Hope you guys don't mind me butting in here.
Kathy - regarding that Hostess picture. I can't believe the union chose to put the company out of business instead of taking a pay cut. 8% less pay is better than 100% less pay. DUH.
Several unions were involved. ALL of them agreed to go ahead, EXCEPT the "Baker's Union." They held out. And now - over 18,000 people are unemployed. I read that some bakers were crossing the picket line. They wanted to go against their union. Didn't help.....
No one in his right mind would have found the warnings idle, considering that the company had already declared bankruptcy in January of this year — but the cocksure leaders of the Bakery, Confectionery, Tobacco Workers and Grain Millers International Union (BCTGM) did, and continued to demand that workers strike at over two-dozen of the company’s 33 plants.
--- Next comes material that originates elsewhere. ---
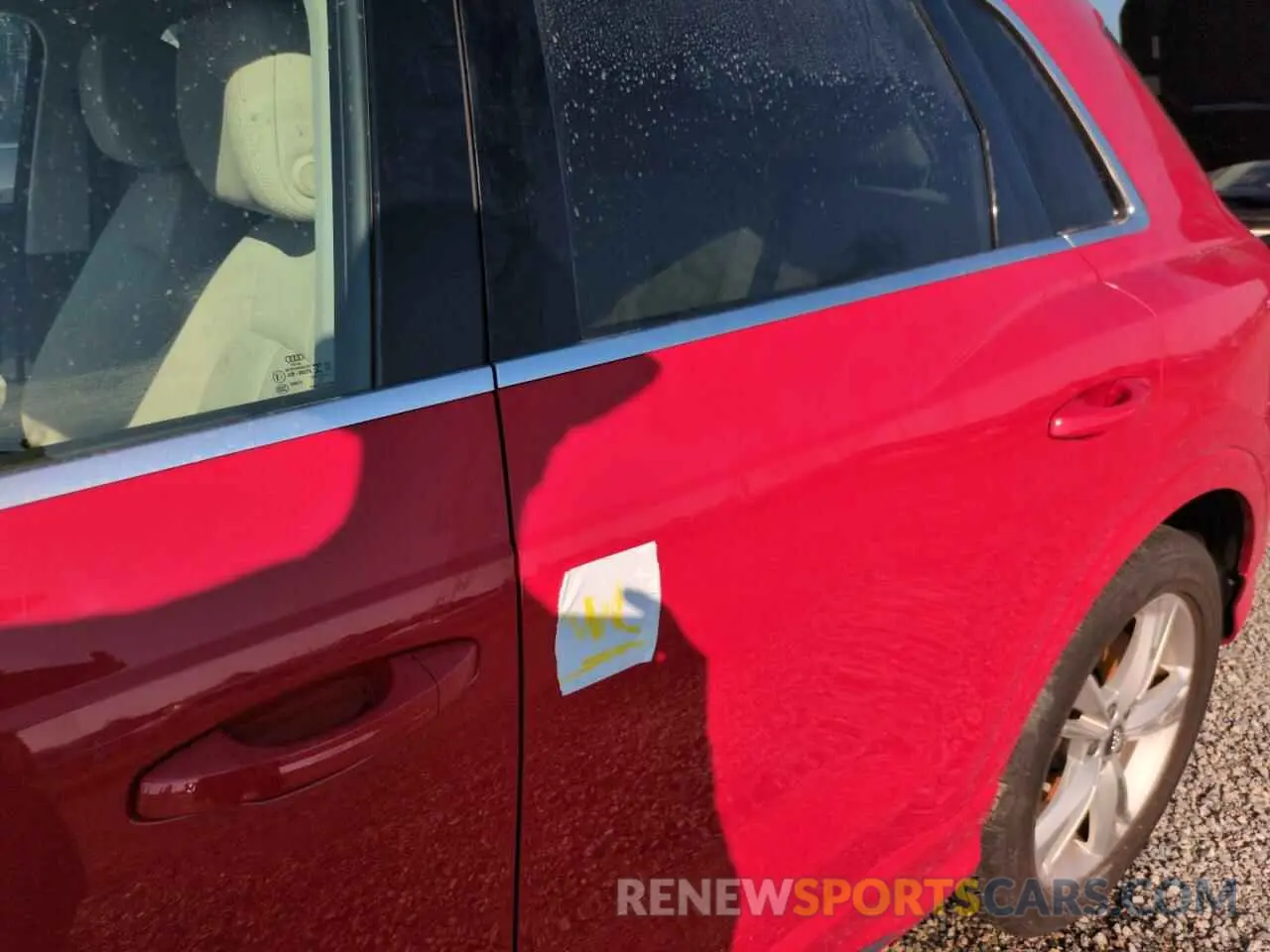 13 Photograph of a damaged car WA1DECF3XM1002659 AUDI Q3 2021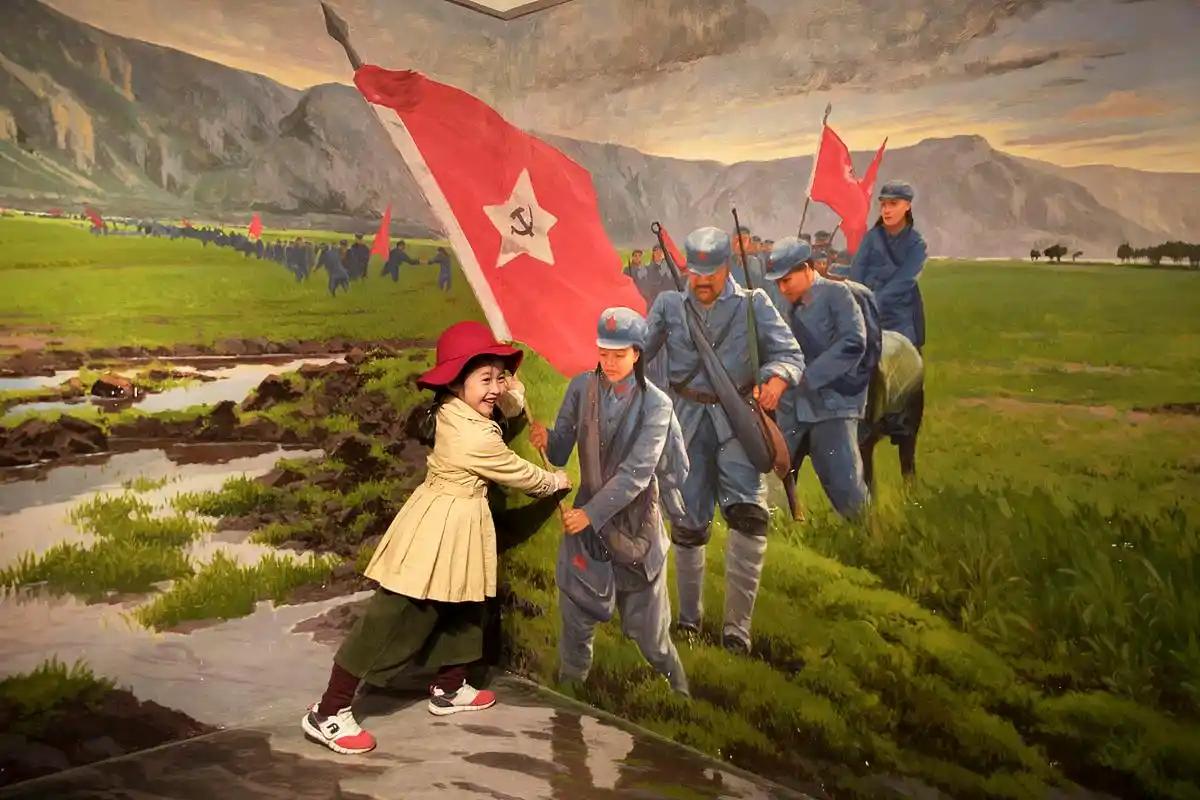 在长征中，红四团一向是先遣部队，逢山开路遇水搭桥。过草地时，红四团依然负责开路。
The union’s demands had plagued Hostess for years, forcing — through the legalized monopolization of labor supply — wages that the market wouldn’t bear. The striking line workers were paid healthy salaries, $16 to $18 per hour. In a low-profit, low-selling-price business such as baked goods (things that are basically commodities), those wages aren’t sustainable, especially considering that baking and distribution involve a lot of manpower.
According to the Bureau of Labor Statistics, the mean hourly wage for the designation of “bakeries and tortilla manufacturers” was $12.57 in 2011. Supposing that Hostess’ median wage was $17, they were paying 35 percent more than the national average.
Hostess was looking for wage concessions of only eight percent. Even after the cuts, Hostess still would have been paying their workers handsomely, 24 percent more than the industry norm. Mind you, this one-year cut would have been followed by
guaranteed wage increases of three percent in each of the three years that followed, capped off by one percent in the fourth year. So, the pain would have been only temporary and cancelled out in just three years.
But, BCTGM gambled and it didn’t pay off. Rather than keeping over 18,000 people gainfully employed in a bad economy, where the
U6 employment rate is approaching 15 percent, they opted to put every one of them out on the streets, where their $680/week becomes $0/week until unemployment benefits kick in at $400/week, putting a drain on taxpayers who are already paying for unprecedented numbers of unemployed for unprecedented lengths of time. Once those benefits fade away, it’s very likely those workers will remain unemployed, as very few communities support a manufacturing base that can overcome the closure of bakeries as large as Hostess’. So, the union basically sent their workers to the bread lines — an ironic metaphor for food producers.